→ Brief descriptive captions
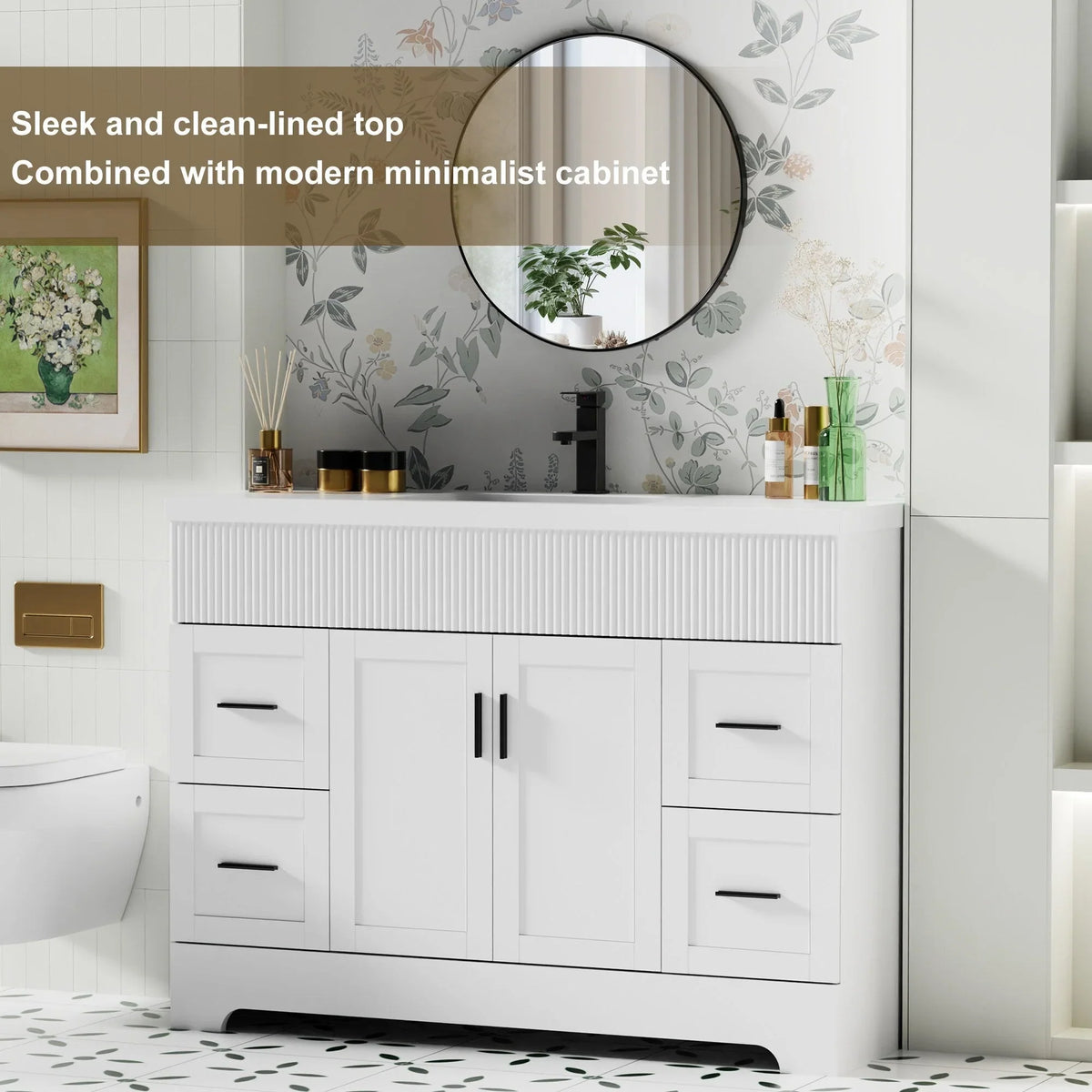Wavy Line 30/36/48 Bathroom Vanity Set with Sink & Faucet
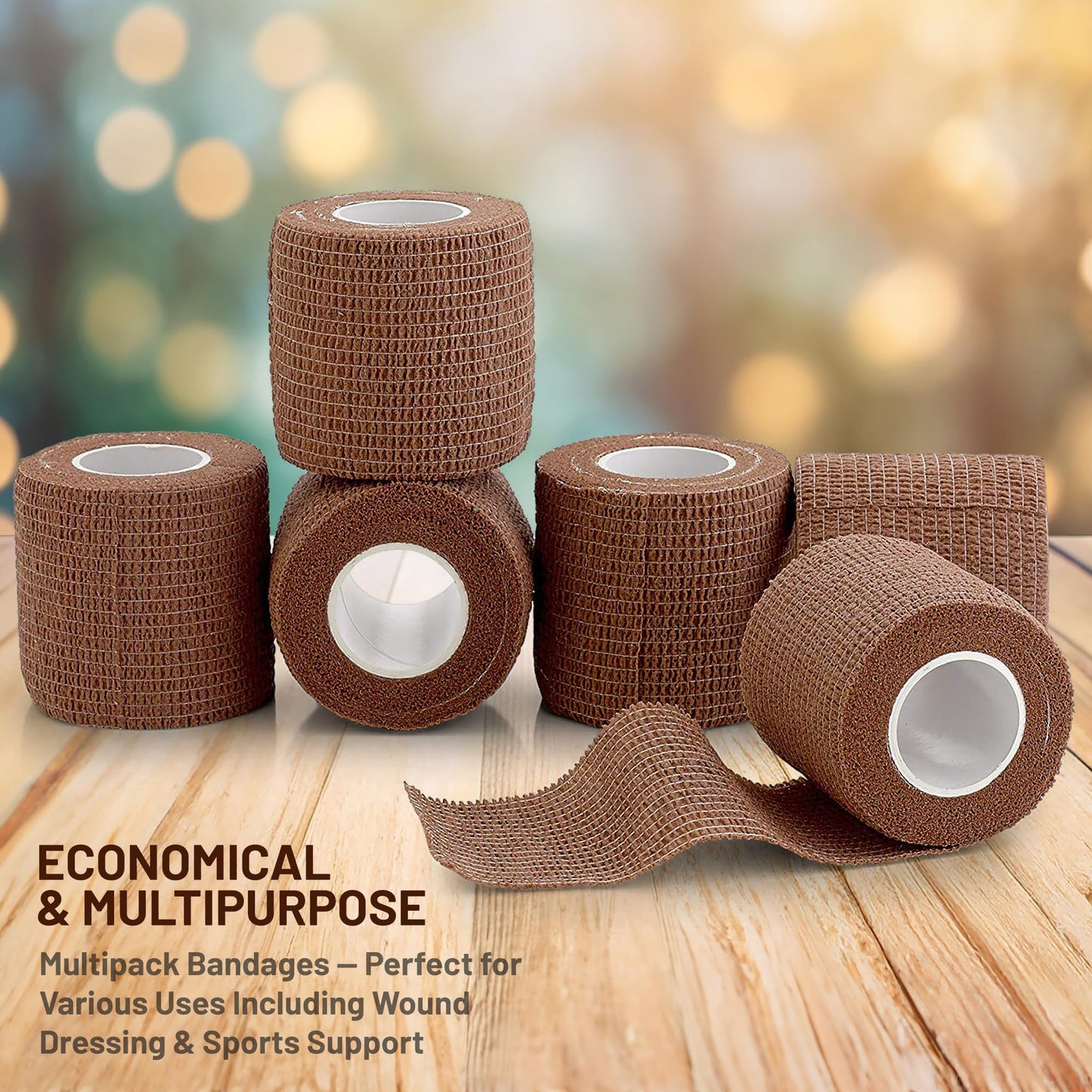 Self Adherent Cohesive Tape - 2" x 5 Yards, 12 Pack (Medium Tan) Self Adhesive Bandage Rolls & Sports Athletic Wrap for Ankle, Wrist, Knee Sprains and Swelling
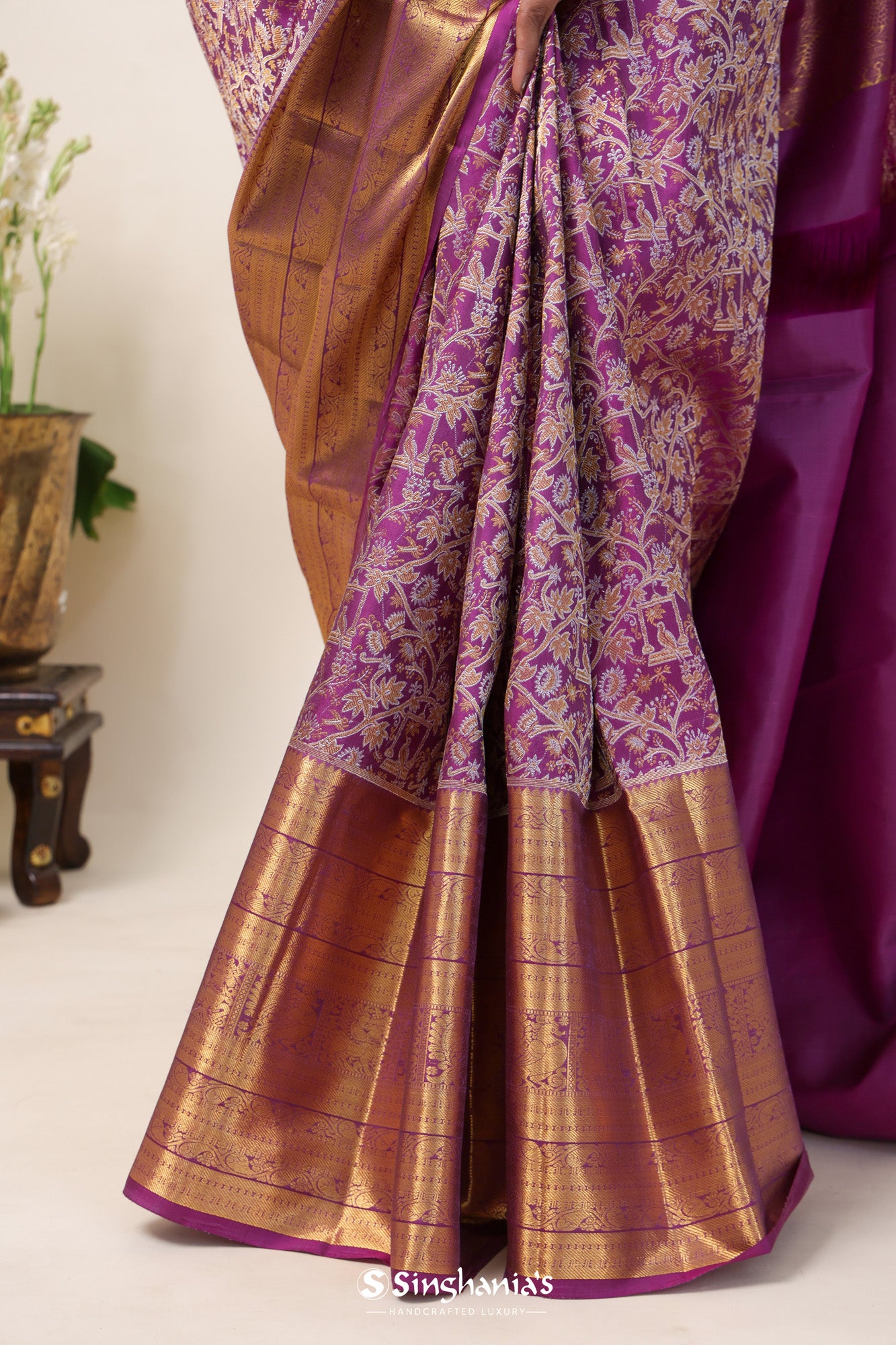 Orchid Purple Kanjivaram Silk Saree With Meenakari Design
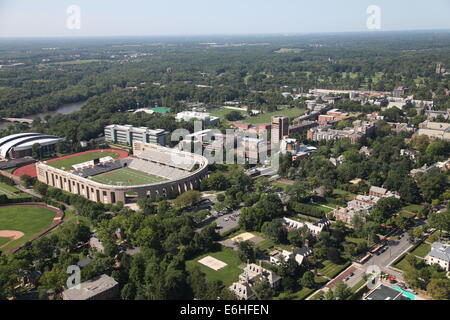 Vue aérienne de l'Université de Princeton et stadium Banque D'Images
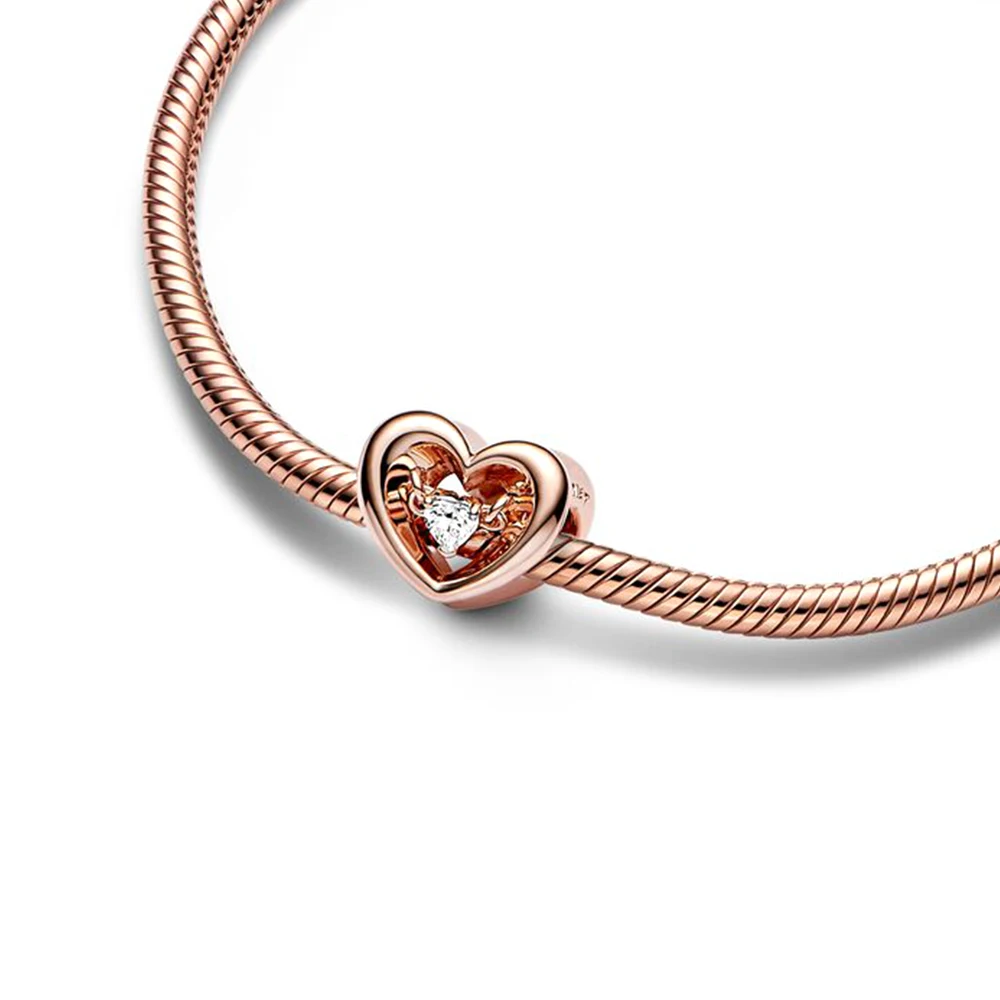 Pandora-Perles de charme en argent 925 pour femme, cœur radieux, pierre flottante, convient au bracelet de personnalité exécutive bricolage, cadeau, nouveau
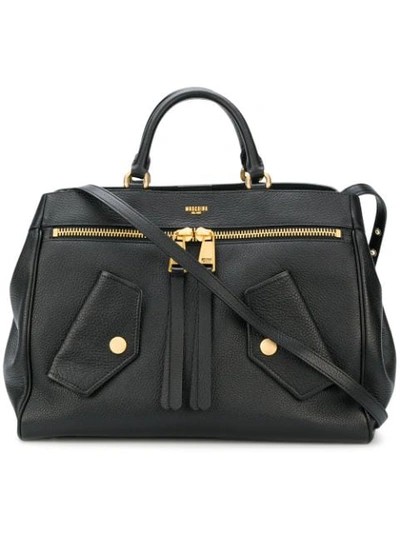 Shop Moschino Moto Shoulder Bag In Black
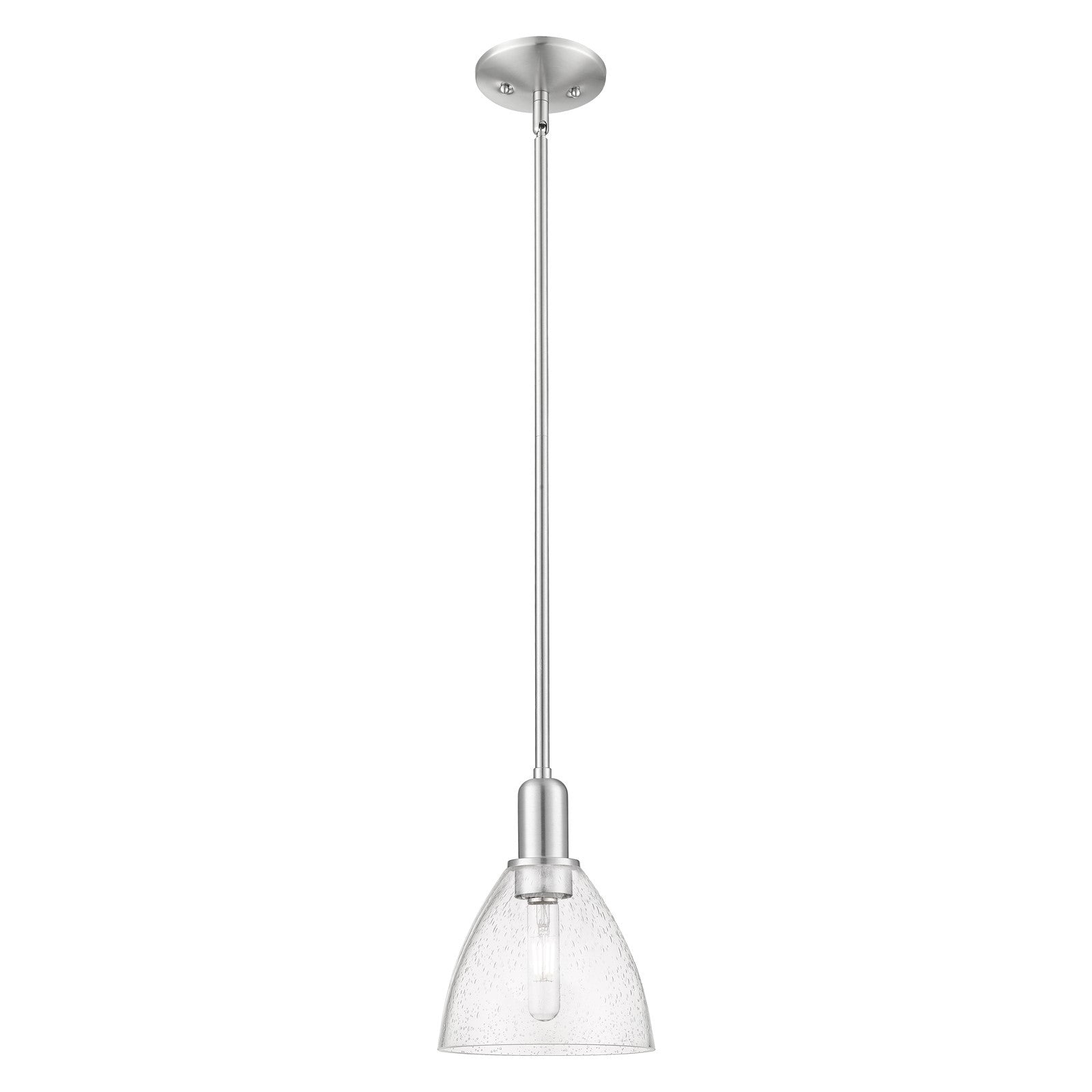 Innovations Bristol 8in 1-Light Mini Pendant | Industrial Brushed Satin Nickel Steel and Seedy Glass | Kitchen Island & Dining | Model 716-1S-SN-GBD-754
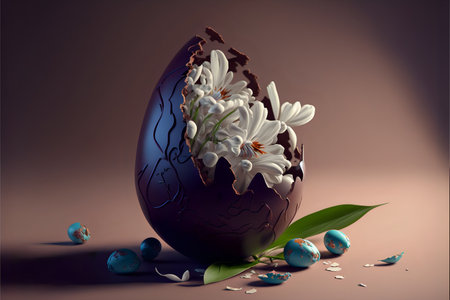Easter illustration cracked chocolate egg with white spring flowers growing out of it, leaves and painted eggs around and copyspace. Generated by ai.の素材
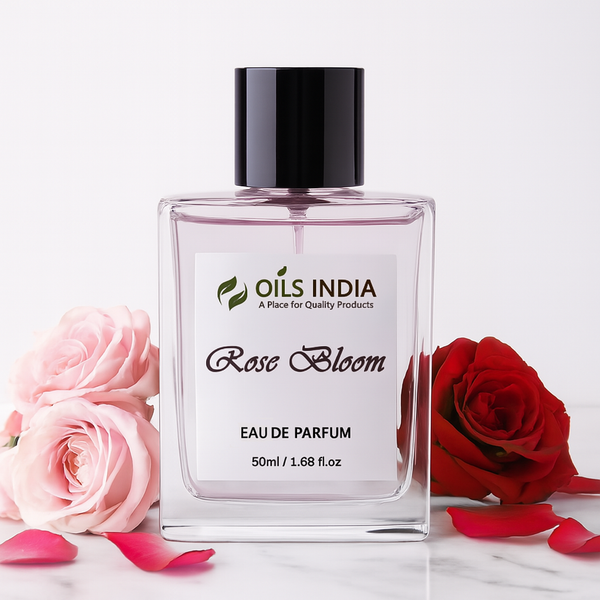 Oils India Rose Bloom Eau de Parfum bottle with pink and red roses on a white background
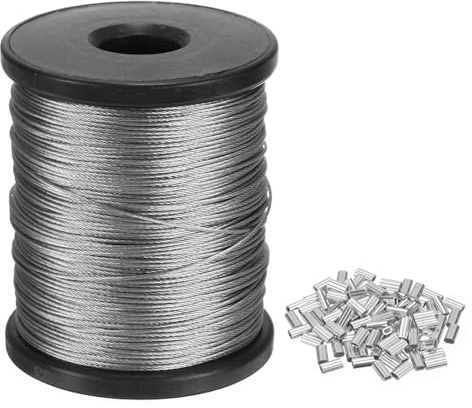 QUARKZMAN Metallkabel i rostfritt stål 316 400,2 fot (122 m), kärnkabel StaNDard 7 x 7 5/128 tum (1 mm) för båtutrustning, crimphylsor aluminium 100 st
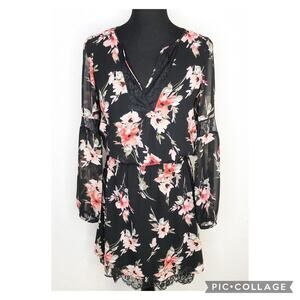 WHBM black pink floral sheer overlay lace trim dress size 2 feminine romantic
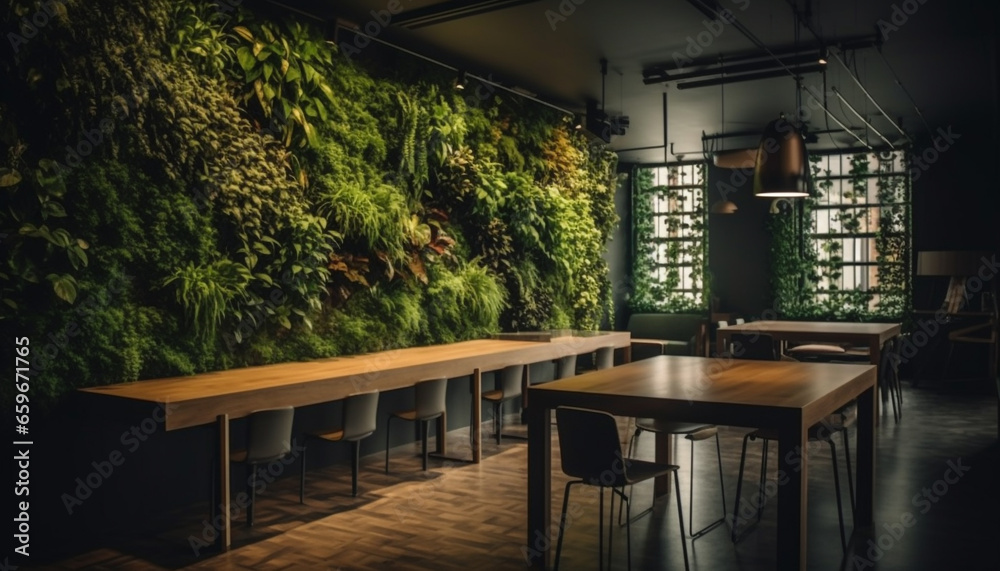 A modern rustic home interior with green plants and comfortable seating generated by AI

→ What is expected
Reproduce each line of the records exactly, and omit every picture.

→ Solution for this task
Wavy Line 30/36/48 Bathroom Vanity Set with Sink & Faucet
 Self Adherent Cohesive Tape - 2" x 5 Yards, 12 Pack (Medium Tan) Self Adhesive Bandage Rolls & Sports Athletic Wrap for Ankle, Wrist, Knee Sprains and Swelling
 Orchid Purple Kanjivaram Silk Saree With Meenakari Design
 Vue aérienne de l'Université de Princeton et stadium Banque D'Images
 Pandora-Perles de charme en argent 925 pour femme, cœur radieux, pierre flottante, convient au bracelet de personnalité exécutive bricolage, cadeau, nouveau
 Shop Moschino Moto Shoulder Bag In Black
 Innovations Bristol 8in 1-Light Mini Pendant | Industrial Brushed Satin Nickel Steel and Seedy Glass | Kitchen Island & Dining | Model 716-1S-SN-GBD-754
Easter illustration cracked chocolate egg with white spring flowers growing out of it, leaves and painted eggs around and copyspace. Generated by ai.の素材
 Oils India Rose Bloom Eau de Parfum bottle with pink and red roses on a white background
 QUARKZMAN Metallkabel i rostfritt stål 316 400,2 fot (122 m), kärnkabel StaNDard 7 x 7 5/128 tum (1 mm) för båtutrustning, crimphylsor aluminium 100 st
 WHBM black pink floral sheer overlay lace trim dress size 2 feminine romantic
 A modern rustic home interior with green plants and comfortable seating generated by AI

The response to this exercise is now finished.